By learning all the rough edges of CouchDB, though, I eventually gained an appreciation for what CouchDB was actually good at: sync. It also impressed upon me the importance of understanding the tradeoffs of a database before using it in a project.
Did you have a specific problem that CouchDB solved?
In my mind, CouchDB has two killer features: sync and HTTP. We weren’t using either one in this project. The Perl crawler stored webpage data in CouchDB, and CouchDB was never exposed to the frontend via HTTP; it was just ferried into a Solr search database. This was also in the days before attachments, so we were storing all content as base64 strings.
What CouchDB did do fairly well was that we could do map/reduce queries on the data and then send a simple, queryable URL to our partners so that they could work with the data. It was also easy to set up authentication so that, for instance, only those with a username and a password could read it, but they couldn’t write it. The downside was that the views took a long time to build up; usually a partner would request a view on the data, and I’d say, “Okay, it’ll be done after the weekend.”
For the folks who are unsure of how they could use CouchDB–because there are a lot of databases out there—could you explain the use case?
CouchDB’s superpower is sync. Sometimes I even try to explain it to people by saying, “CouchDB isn’t a database; it’s a sync engine.” It’s a way of efficiently transferring data from one place to another, while intelligently managing conflicts and revisions. It’s very similar to Git. When I make that analogy, the light bulb often goes off.
Where this often fails is that folks may have an existing datastore, and they just want some sync mechanism on top of that. For instance, they have a MySQL or a MongoDB database, and they want just want PouchDB to sync to that instead of syncing to CouchDB. The reason this doesn’t work, and which is often hard to grasp, is that those other databases don’t have a concept of revisions built-in. For instance, when you delete a row or an object, it’s just gone. In CouchDB, it keeps a tombstone around so that it can remember what was deleted.
The analogy I would give, for people who struggle to understand why they can’t just slap CouchDB replication on top of Mongo or MySQL, is that it’s like saying, “Hey, I love Git, and the Git client is really cool, but can I use it with my FTP server?” Obviously that doesn’t work – an FTP server is just a flat filesystem, with no concept of branches or revisions. It’s exactly the same with CouchDB.
What would you say are the top three benefits of using CouchDB?
Sync, reliability, and simplicity. As J. Chris Anderson has said, CouchDB doesn’t aim to be the Ferrari of databases; it wants to be the Honda accord of databases. (See my old blog post on the subject)
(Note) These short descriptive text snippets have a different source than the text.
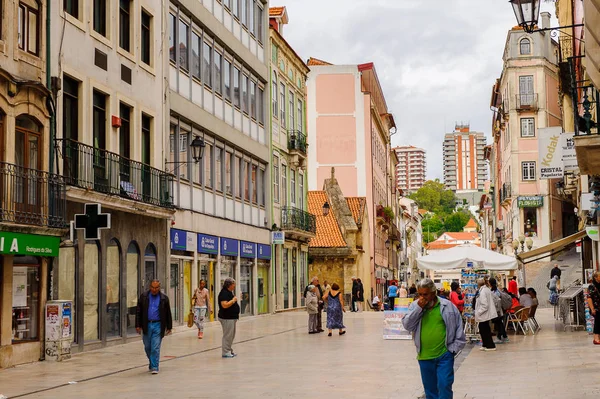 Coimbra, Portekiz - 16 Ekim 2016: Coimbra, Portekiz'in tarihi merkezinin mimarisi. Unesco tarafından 2013 yılından bu yana Dünya Mirası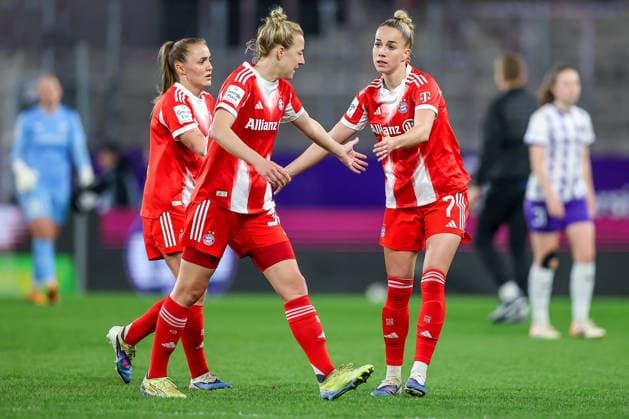 20 03 2026, Football, 1 Womens Bundesliga, SGS Essen FC Bayern München, Stadion Hafenstraße, Google Pixel Frauenbundesliga, 21 Matchday, Season 2025 2026 Giulia Gwinn FC Bayern Muenchen 07 claps her hands with Georgia Stanway FC Bayern Muenchen 31 Carolin Simon FC Bayern Muenchen 30 ab DFB regulations prohibit any use of photographs as image sequences and or quasi video Nordrhein Westfalen Germany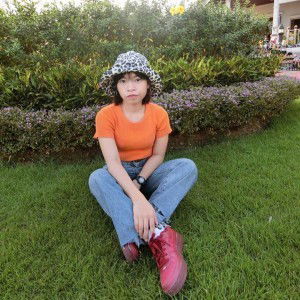 Ayomini Oily profile icon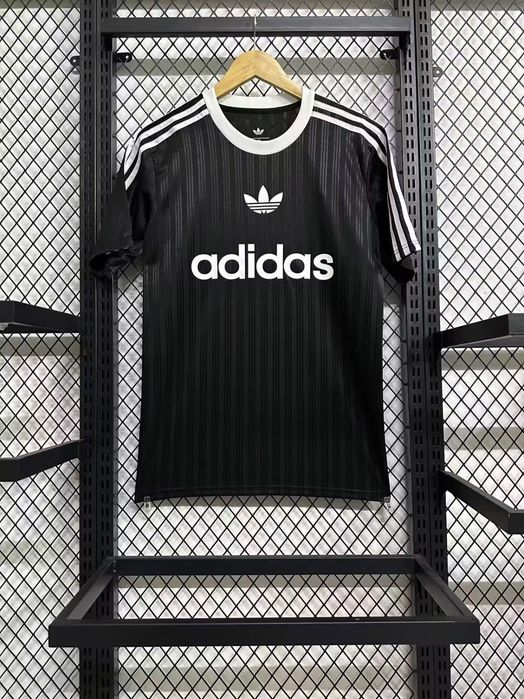 Adidas várias cores M/L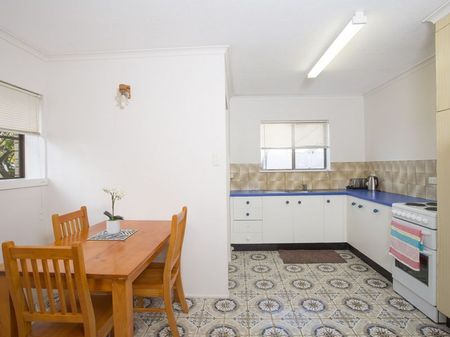Unit 1/2A McCarthy Street, Hay Point - Photo 4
The append-only file format means that you can just
kill -9 a running CouchDB process and your data is still recoverable. It never gets corrupted. Also the HTTP/REST interface is very easy to use; you can use something like
curl or Postman to learn how it works. When I was learning CouchDB, I would often just put some sample data into a database using Futon, and then I’d play around with URL parameters until I understood how it was working.
What tools are you using in addition for your infrastructure? Have you discovered anything that pairs well with CouchDB?
Well, as a co-maintainer of PouchDB, I obviously have to plug PouchDB here. PouchDB makes it trivially easy to sync between CouchDB on the server and IndexedDB, WebSQL, or LevelDB on the client. A lot of this can be credited to how well-thought-out CouchDB is as a whole.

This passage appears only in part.